Automatic and Interactive Hidden Markov Model creation in R
The present repository contains R scripts to generate HMMs interactively (IIHMM) and automatically (AIHMM).
- "hmm.discnp"
- "HMM"
- "stringr"
- "parallel"
- "purrr"
- "data.table
- "naturalsort"
Make sure you install these packages in your R environment before running the scripts
Given a certain range of k (the amount of top interesting sequences to consider), this script automatically generates Hidden Markov Models by constraining all symbols not previously constrained on previous states onto the newly added state. It does so by considering all symbols in the generated top k interesting sequences. (for example, setting k = 5, the script will generate AIHMMs with 1,2,3,4,5 interesting sequences).

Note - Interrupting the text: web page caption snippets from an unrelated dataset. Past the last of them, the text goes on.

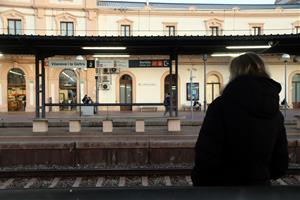 Resignació i queixes de poca informació entre els usuaris de Vilanova i la Geltrú on els trens circulen amb demores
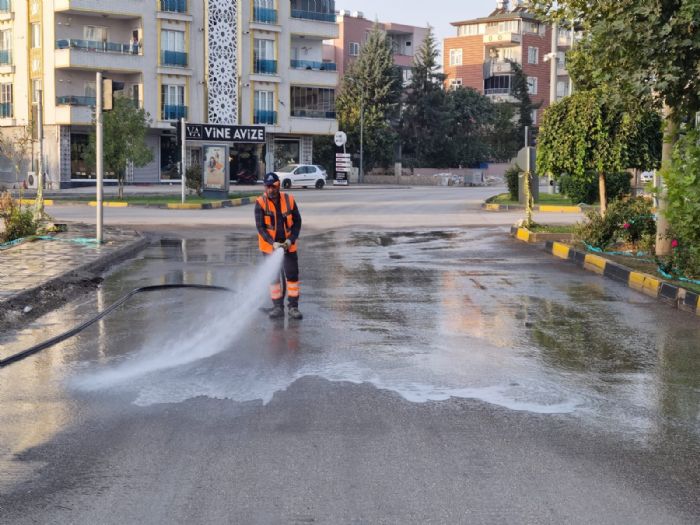 Belediye Ekipleri Temizlik almalarna Devam Ediyor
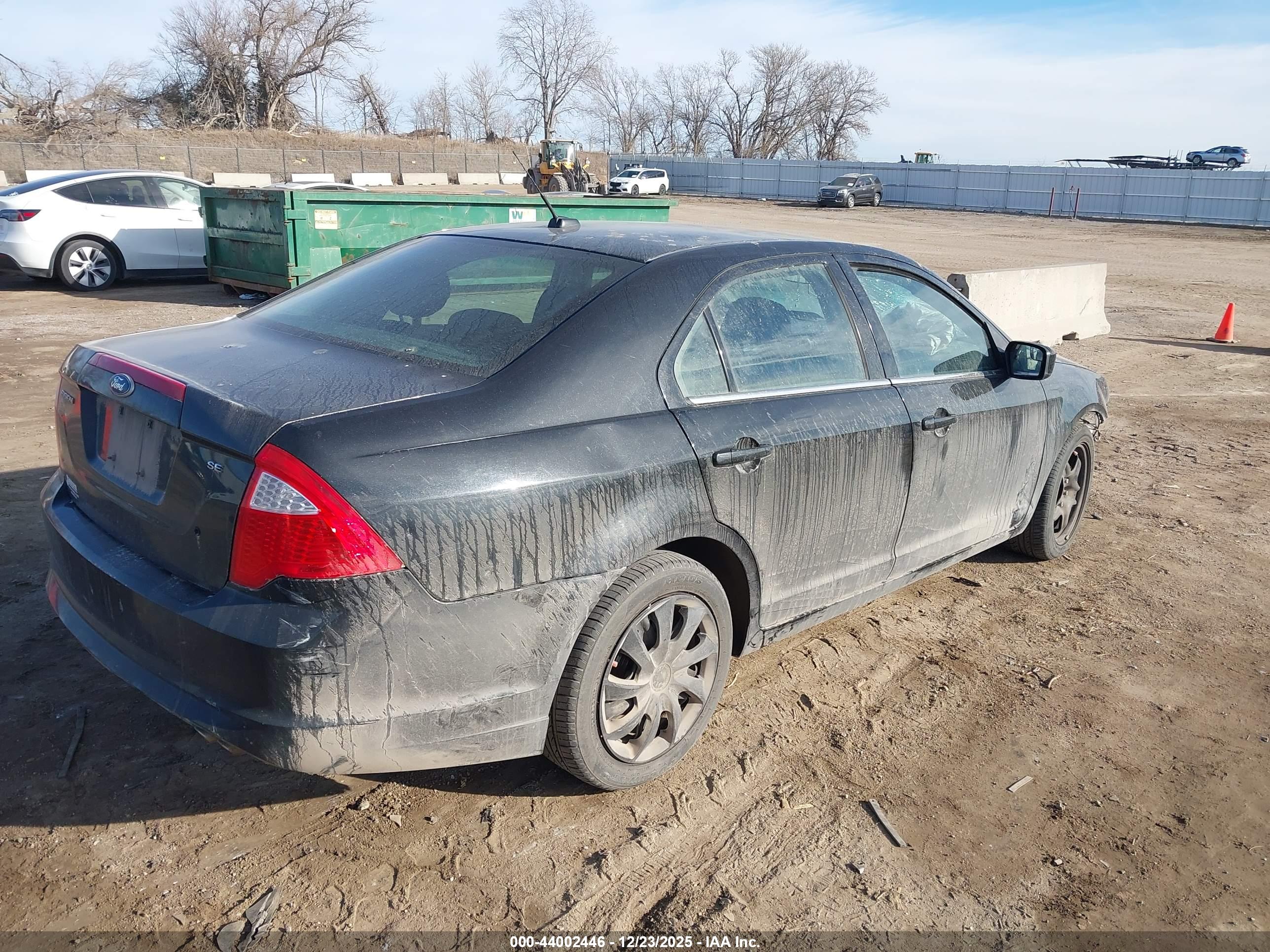 FORD FUSION image 4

- Navigate to a folder where you'll be hosting the R project. EX: mkdir HMM, then cd HMM
Run: generate_hmm_workers(amount_workers, output_to_file, dataset_index, input_dataset) Where the input parameters have the following meaning: amount_workers = INT. parallelism degree (i.e: amount of cores to be used) output_to_file = BOOLEAN. TRUE - Output to a file FALSE - Output to the console dataset_index = INT. 1 = Michael Mairegger's dataset of mobile interactions 2 = Damevski et al.'s dataset for visual studio IDE interactions https://github.com/abb-iss/DeveloperInteractionLogs/tree/master 3 = ALMA dataset for radio-telescope Java classes' interactions input_dataset = List/String Contains the dataset (s) to use in the analysis, or the folder where datasets are contained, as in the case of Damevski et al's dataset.
###1 - Michael Mairegger's dataset. Example Invocation: source("AIHMM_Generation.R") generate_hmm_workers(N, FALSE, 1, "WindowsPhone_One_Month.csv")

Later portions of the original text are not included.